As I write from the window seat of a water taxi, flowing through the canals of Venice, I feel strangely disconnected from the city and the life here. It’s strange– I have felt part of every other city so far. Perhaps it’s the half-hour bus ride out of Venice to our Airbnb separating me from the life here, but I feel mostly like a spectateur in Venice, watching Italians live as if behind a glass window. I can interact here. I can eat pasta and ride on gondolas and buy souvenirs but at the end of the day, I’m nothing more than a tourist, paying to watch people live their lives. It’s a little sad, really. It’s as if I am allowed to see what it might be like if I were fortunate enough to live here, but I’ll never get to know or experience it for myself. I think this might be what tourism is– looking at the place from the outside looking in, taking pictures, and going back home to relay stories of what it’s like to be somewhere new– but in comparison to the somewhat “authentic” Austrian life we’ve been living, this makes me feel like an outcast, an imposter, a poser, or a wannabe.

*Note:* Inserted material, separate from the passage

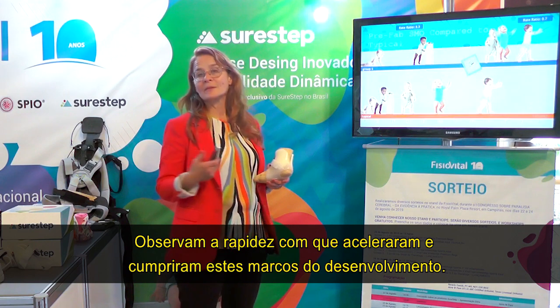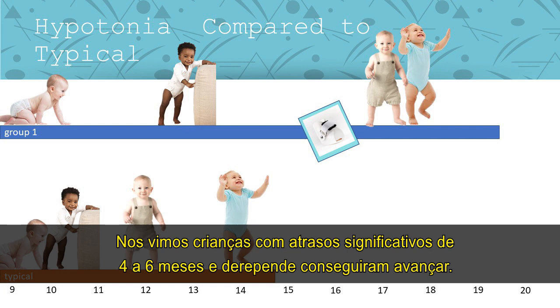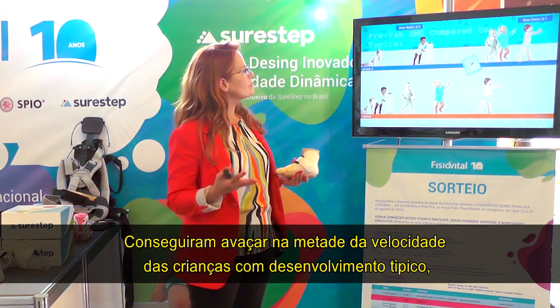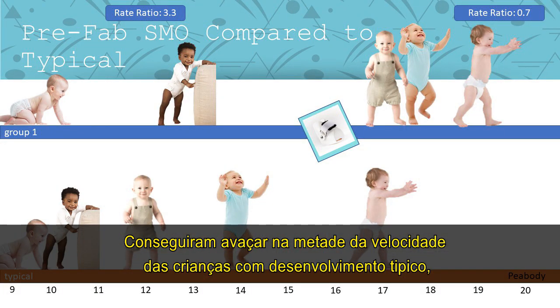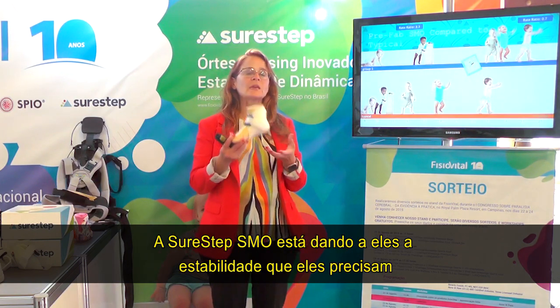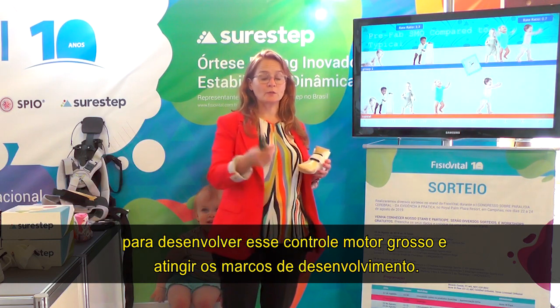We saw children with significant delays of four to six months all of a sudden move forward. In fact, they moved more than half as fast as their typically developing peers in gaining these skills once we intervened with our SureStep SMO. The SureStep SMO is giving them the stability they need to develop those gross motor milestones.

Apart from being 100% aware of my American-ness, today was a very fun day. We woke up (WOW best night of sleep on the trip by far!!! That bed was so stinking comfortable.), ate breakfast, dragged our suitcases to the bus stop, ventured to Venice, dealt with a sketchy guy who insisted (and could not be convinced otherwise) on taking Leigha’s luggage across the uphill-both-ways bridge for her and then would not leave her alone until she paid him a “suitable” amount, deposited our suitcases at the train station, and then went our separate ways for our last Italian day.
I went with Hershila, Elaine, KeLee, and Cynthia to explore for the day. We ate pasta at the same place I ate at yesterday with my professors and Najeeah. (And I got the same thing. How embarrassing. Just kidding; it was DELICIOUS. No regrets here.) We went shopping, walked around, got some incredible gelato (well, they did… I got water.), went on a gondola ride where KeLee got hit on by a passing gondola driver who models in his spare time (not a joke), and took a million and a half pictures. We also went into the basilica– which was gorgeous– and made some American friends there who were from Michigan.
We finished everything we wanted to do for the day, so we took the water taxi back to the train station. We ate Burger King (where KeLee got hit on again) and lounged around until it was time to board the train back to Vienna. This time, we sat six to a cabin because there were no empty cabins to be found. This meant that we slept sitting up, which was challenging at best. Apparently, I fell asleep first, but it was one of the worst nights of sleep I’ve ever had. And with that, I said goodbye to Italy.
Italy, or Venice at least, was much, much dirtier than I imagined. It smelled, there were people everywhere who were trying to scam me, and I had a never-ending feeling that I should wash my hands. Despite all this, it was breathtakingly beautiful, and I am so thankful that I was fortunate enough to get to go. I’d love to go to Rome next! Any other travel recommendations are greatly appreciated.